Corruption fears over China quake donationsThursday 29 May 2008 16.44
Fears are growing that not all funds given for China’s earthquake survivors will reach those in need.
In the two weeks since the quake that rocked southwestern Sichuan province, €3.2bn in donations has been collected at home and abroad.
However, reports have already emerged of diverted aid supplies or scams being launched to grab a piece of the donations.
President Hu Jintao has repeatedly warned that corruption is one of the biggest threats to the legitimacy of the ruling Communist Party.
With the eyes of the world on China's relief effort, the government has said that any corruption involving the relief money would be dealt with harshly.
‘Making a profit from a national calamity by withholding and embezzling quake relief funds and supplies goes against the principles of justice,’ He Guoqiang, secretary of the party's Central Commission for Discipline Inspection, told the state-run Xinhua news agency.
Most of the aid donations are being funnelled through the Chinese Red Cross, the non-governmental China Charity Federation or various governmental groups.
About a third of the donated money has already reached the disaster zone, according to the Chinese government.
However, authorities have uncovered several instances of misuse of funds.
68,516 people were killed and another 19,350 are missing as a result of the quake, according to the latest figures.
In the quake-devastated city of Mianyang, the People's Daily reported 10 cases of tents being used by people whose homes had not been destroyed.
In the city of Deyang, government officials were found hiding cases of milk, biscuits and drinks in a store run by their relatives, a website reported.
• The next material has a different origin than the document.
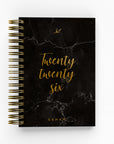 Yearly Script Foil Daily Planner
Another case involved a policeman in Chengdu, capital of quake-hit Sichuan province, who was accused of commandeering refugee tents. The case caused a protest by hundreds of people.
Quake aftershocks could continue
Meanwhile, scientists have said that China's Sichuan region can expect to be rocked by aftershocks for weeks and months - possibly years - but the power of the aftershocks will gradually diminish.
Since the 12 May 7.9-magnitude quake, a series of strong aftershocks has occurred along the quake's 250km fault line, running southwest to northeast outside of Chengdu.
Seismologists have recorded around 150 aftershocks above a magnitude of 4, with the highest a 6, and warn that a major aftershock of around 6.9 is still possible.